Bozeman, Mont. has stopped its controversial practice of asking city job applicants to share their login/password to social networking and other Web sites as part of HR background checks.
This is smart, because the practice is on sketchy privacy grounds and can easily lead to identity theft. One of the basic Internet security tips given since computers and Web sites first had passwords is never share your password.
The city’s release:
The City of Bozeman believes we have a responsibility to ensure candidates hired for positions of public trust are subject to a thorough background check. The extent of our request for a
candidate’s password, user name, or other internet information appears to have exceeded that which is acceptable to our community. We appreciate the concern many citizens have expressed
regarding this practice and apologise for the negative impact this issue is having on the City of Bozeman.
Effective at 12:00 p.m. today, Friday June 19, 2009, the City of Bozeman permanently ceased the practice of requesting candidates selected for City positions under a provisional job offer to provide user names and passwords for the candidate’s internet sites.
In addition, until further notice, the City will suspend its practice of reviewing candidate’s password protected internet information until the City conducts a more comprehensive evaluation of the practice.

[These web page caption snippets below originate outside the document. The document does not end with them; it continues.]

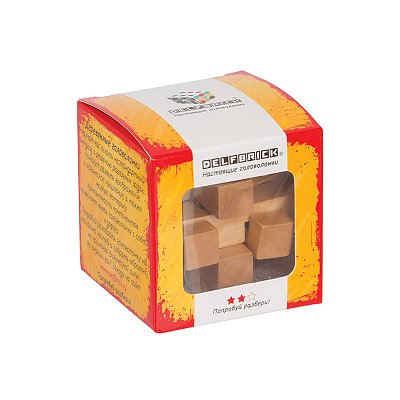 Игра-головоломка деревянная DELFBRICK «Занимательный куб», 12 элементов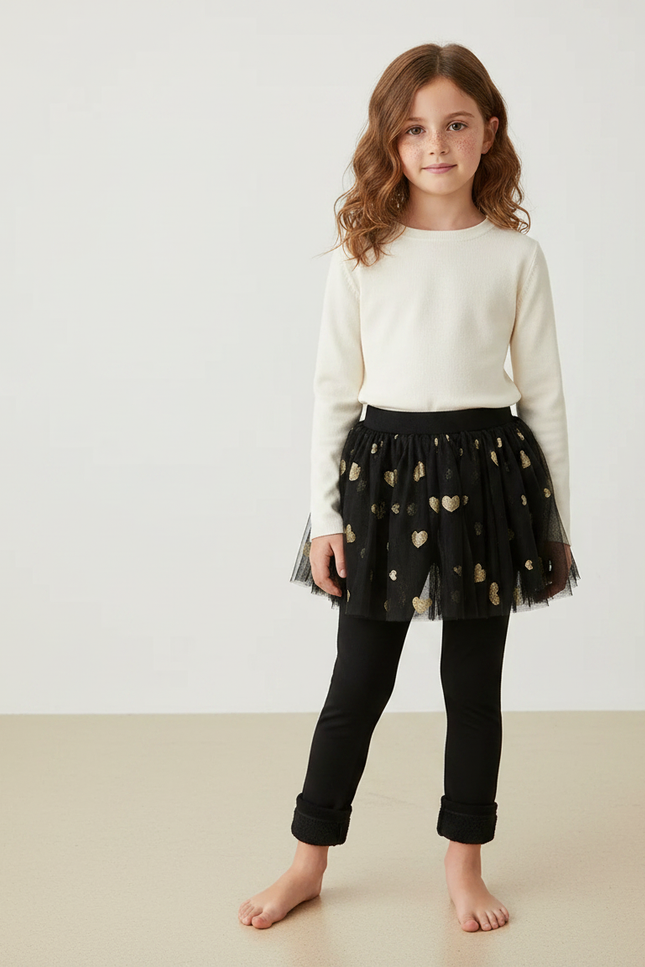 Pantalon Jupe Noir Tulle Cœurs Dorés Intégré Fille - Molleton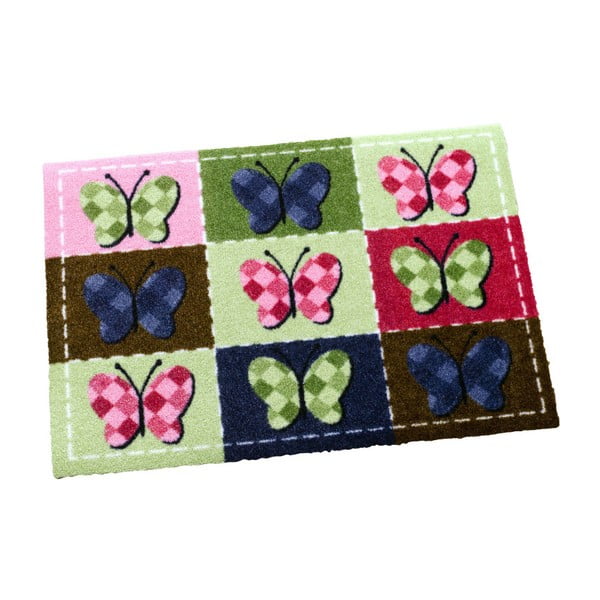 Zeleno-ružový koberec Zala Living Butterflies, 50x70 cm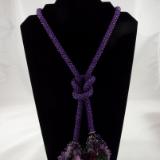 N-71 Purple Crocheted Tassel Rope Necklace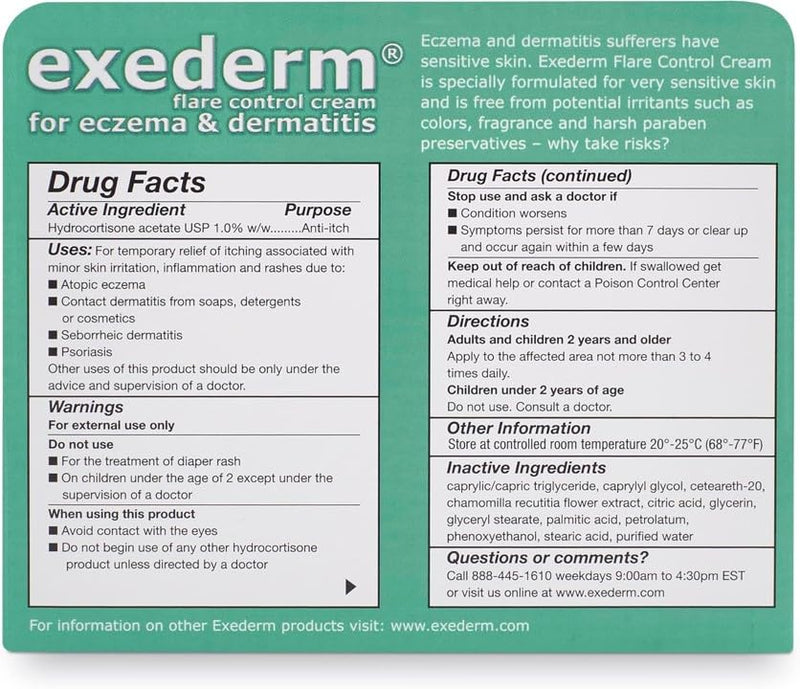 Exederm Flare Control Cream for Eczema & Dermatitis, 2oz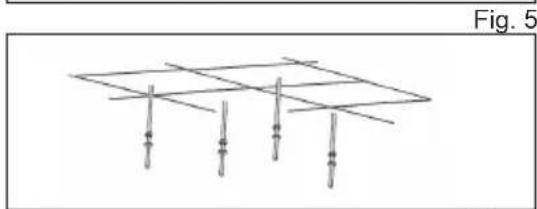 Pure structural diagram of a truss structure with vertical supports (no text or symbols)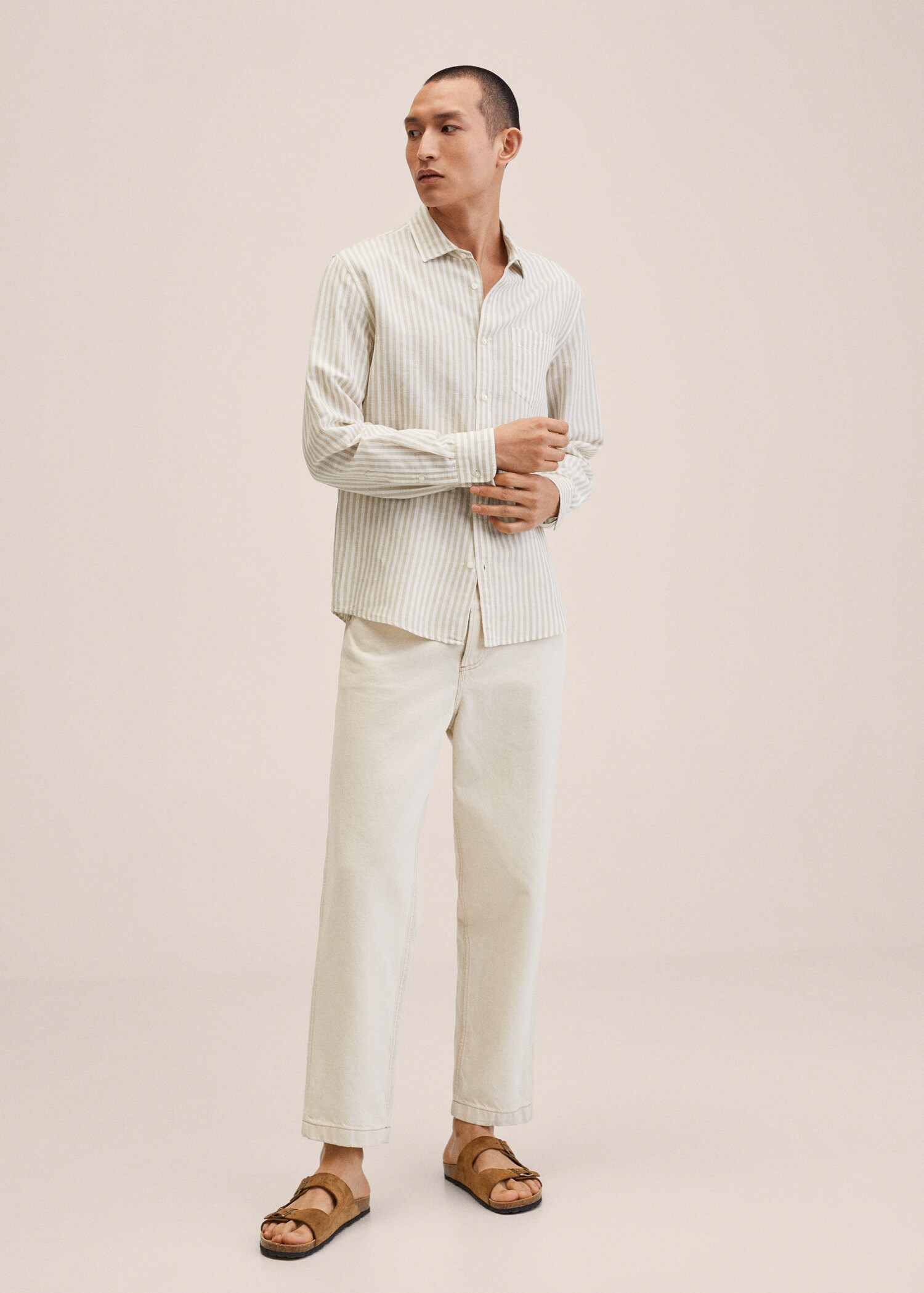 Slim fit striped linen shirt - General plane
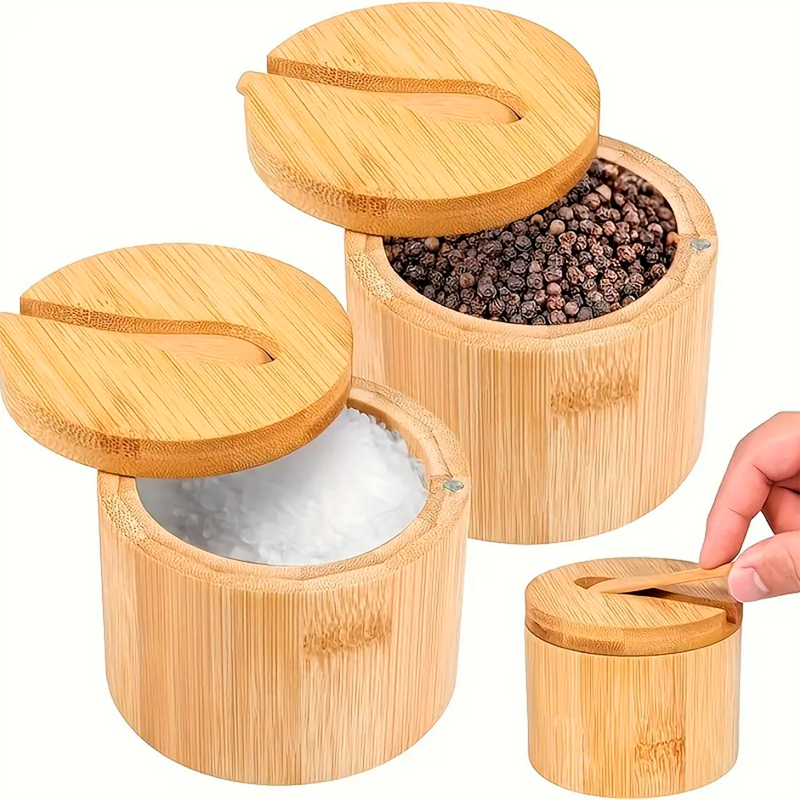 Porta Temperos de Bambu Natural com Tampa Magnética - 2 unidades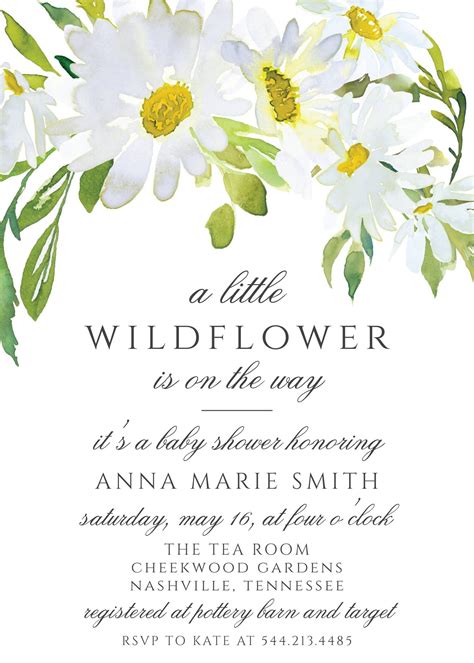 Daisy Baby Shower Invitation Wildflower Is On The Way Invite Etsy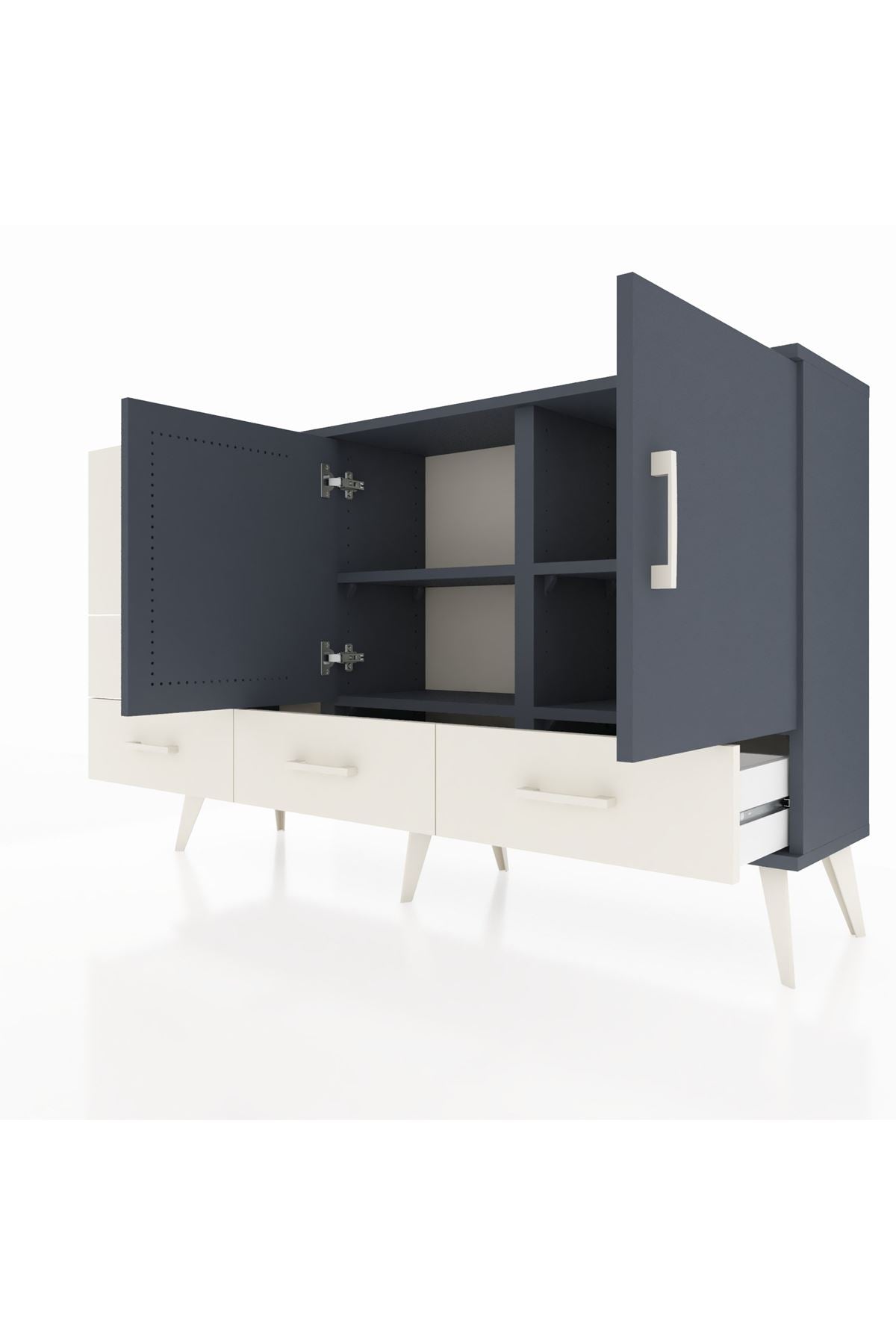 Arges Konsol 4 Raflı 5 Çekmeceli 2 Kapaklı 132x30x83 - S144M047V16A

Since the initial media inquiries, the City of Bozeman has been reviewing the practice of requesting user names and passwords to access a candidate’s internet sites. Today’s decision to
terminate the use of passwords and usernames in this process reflects the City’s commitment to reconsider this practice. In addition, today’s decision to suspend the practice of inquiring into a candidate’s password protected internet sites demonstrates a continued commitment to ensure the City’s hiring practices comply with state and federal law and protect the safety of Bozeman residents.